Kahneman coined the acronym WYSIATI – What You See Is All There Is – to explain the predominance of System 1 in decision making and that most of our decisions are taken while we lack information. “WYSIATI facilitates the achievement of coherence and of the cognitive ease that causes us to accept a statement as true. It explains why we can think fast, and how we are able to make sense of partial information in a complex world.” However, WYSIATI explains a long and diverse list of biases of judgement and choice, including overconfidence. “Neither the quantity nor the quality of the evidence counts for much in subjective confidence. The confidence that individuals have in their belief depends mostly on the quality of the story they can tell about what they see, even if they see little.”
Kahneman insightful findings invite us to take a step back and think about the way we make decisions. The human nature and its inclination to go beyond what is reasonable gave food for thoughts from the Tower of Babel myth to the Irrational Exuberance concept of Nobel Prize Robert Shiller. Have we always been reasonable in the PV industry? Probably not. Nobody’s perfect. But being aware of patterns makes us already better.

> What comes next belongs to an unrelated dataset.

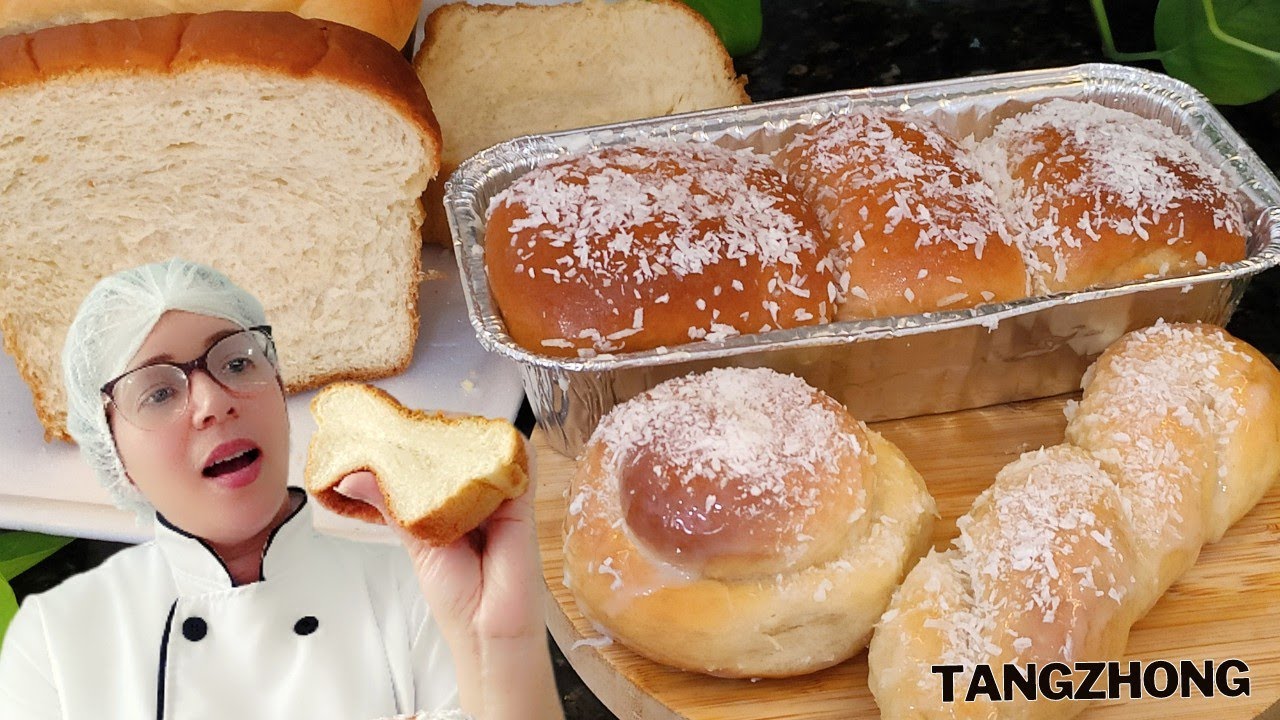 O MELHOR PÃO CASEIRO da vida! melhorador natural. Faça e Venda todos os dias.💲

Lesson learned – beware of commodities
Solar panels are often considered as commodities. This term is widely used in the finance sector. Investopedia defines it as “a basic good used in commerce, that is interchangeable with other commodities of the same type”. If the cost of solar panels is so important it is because solar panels are considered like interchangeable commodities. But are they really commodities? Isn’t it a comfortable story we tell ourselves to simplify a more complex situation?
There is indeed complexity and know-how involved in the production of solar panels. But if you only have a data sheet to make sense of it, then What You See Is all There Is. The solar price won’t necessarily capture all this complexity neither the Total Cost of Ownership of the product.
Commodities exist only if we accept them. The Italian revamping example showed that differences exist. That’s why we still need initiatives, like the PVDI from the Fraunhofer Institute, to better simulate, evaluate and understand what’s going on during the life of a solar panel.
Let’s not forget that the biggest junk of the PV worldwide capacity has been installed while the industry was in a consolidation phase undergoing huge pressure to cut solar panels costs, with all the potential negative consequences we can imagine on quality. While there is no need to paint the situation darker than it really is, it is reasonable and wise to keep a critical eye, like the Black Sheep series of PV Magazine for example. To avoid indulging into blind optimism not to see questionable behaviors in the industry nor throwing everyone in the same garbage, we can only invite people faced with the choice of a module supplier to delete the word commodity from their vocabulary, to embrace complexity by questioning things, gathering experience and ultimately knowledge, the only barrier to avoid the What You See Is All There Is trap.